To balance flexibility and performance, we will not index every property. Instead, we will implement a Selective Indexing strategy:
- Configuration: Users explicitly choose which properties to "Index" via the UI.
- Storage: We create typed index tables in ClickHouse (String, Number, Date) populated only for configured properties.
- Pagination: We use a "Two-Step" cursor strategy. We first fetch sorted IDs from the index, and if that page is exhausted, we fall back to the main table (the "remainder") to ensure all users are listed.

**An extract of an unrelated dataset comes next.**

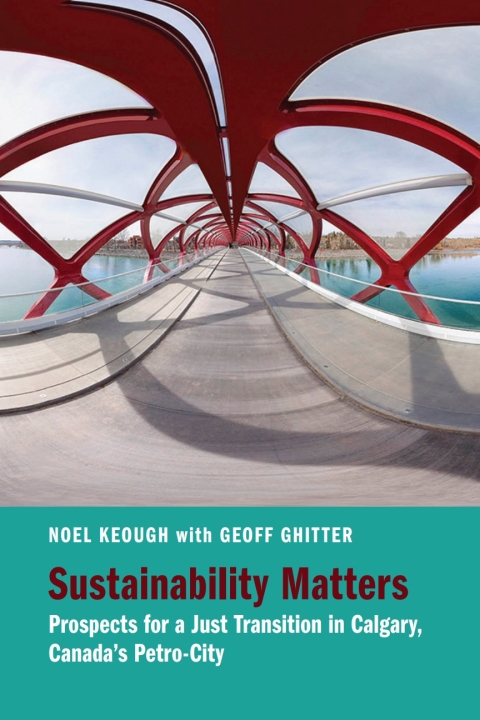 Cover image for book Sustainability Matters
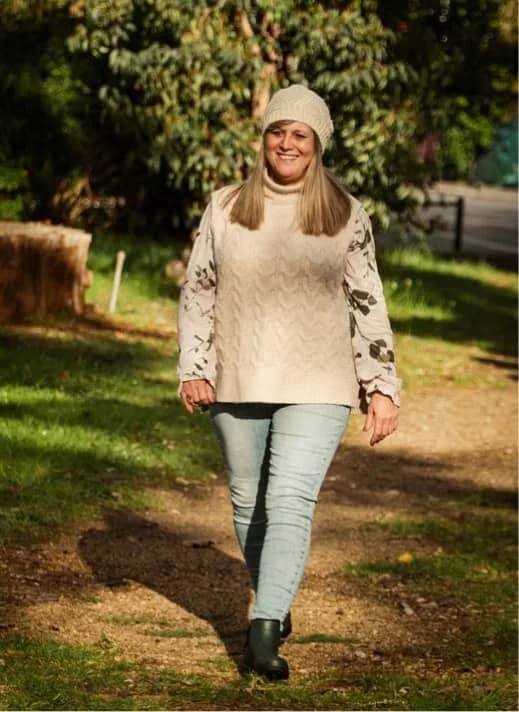 Jo-ann Mandy in Rondebosch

File: packages/backend-lib/src/db/schema.ts
Add a new table to track which properties are indexed and their data types.
import { pgEnum, pgTable, uuid, text, timestamp, uniqueIndex, foreignKey } from "drizzle-orm/pg-core";
// Add Enum
export const dbUserPropertyIndexType = pgEnum("DBUserPropertyIndexType", [
"String",
"Number",
"Date",
]);
// Add Table
export const userPropertyIndex = pgTable(
"UserPropertyIndex",
{
id: uuid().primaryKey().defaultRandom().notNull(),
workspaceId: uuid().notNull(),
userPropertyId: uuid().notNull(),
type: dbUserPropertyIndexType().notNull(),
createdAt: timestamp({ precision: 3, mode: "date" }).defaultNow().notNull(),
updatedAt: timestamp({ precision: 3, mode: "date" })
.defaultNow()
.$onUpdate(() => new Date())
.notNull(),
},
(table) => [
uniqueIndex("UserPropertyIndex_userPropertyId_key").using(
"btree",
table.userPropertyId
),
foreignKey({
columns: [table.workspaceId],
foreignColumns: [workspace.id],
name: "UserPropertyIndex_workspaceId_fkey",
})
.onUpdate("cascade")
.onDelete("cascade"),
foreignKey({
columns: [table.userPropertyId],
foreignColumns: [userProperty.id],
name: "UserPropertyIndex_userPropertyId_fkey",
})
.onUpdate("cascade")
.onDelete("cascade"),
]
);File: packages/backend-lib/src/userEvents/clickhouse.ts
Add queries to create index tables and Materialized Views that populate them. The tables are partitioned by workspace and year.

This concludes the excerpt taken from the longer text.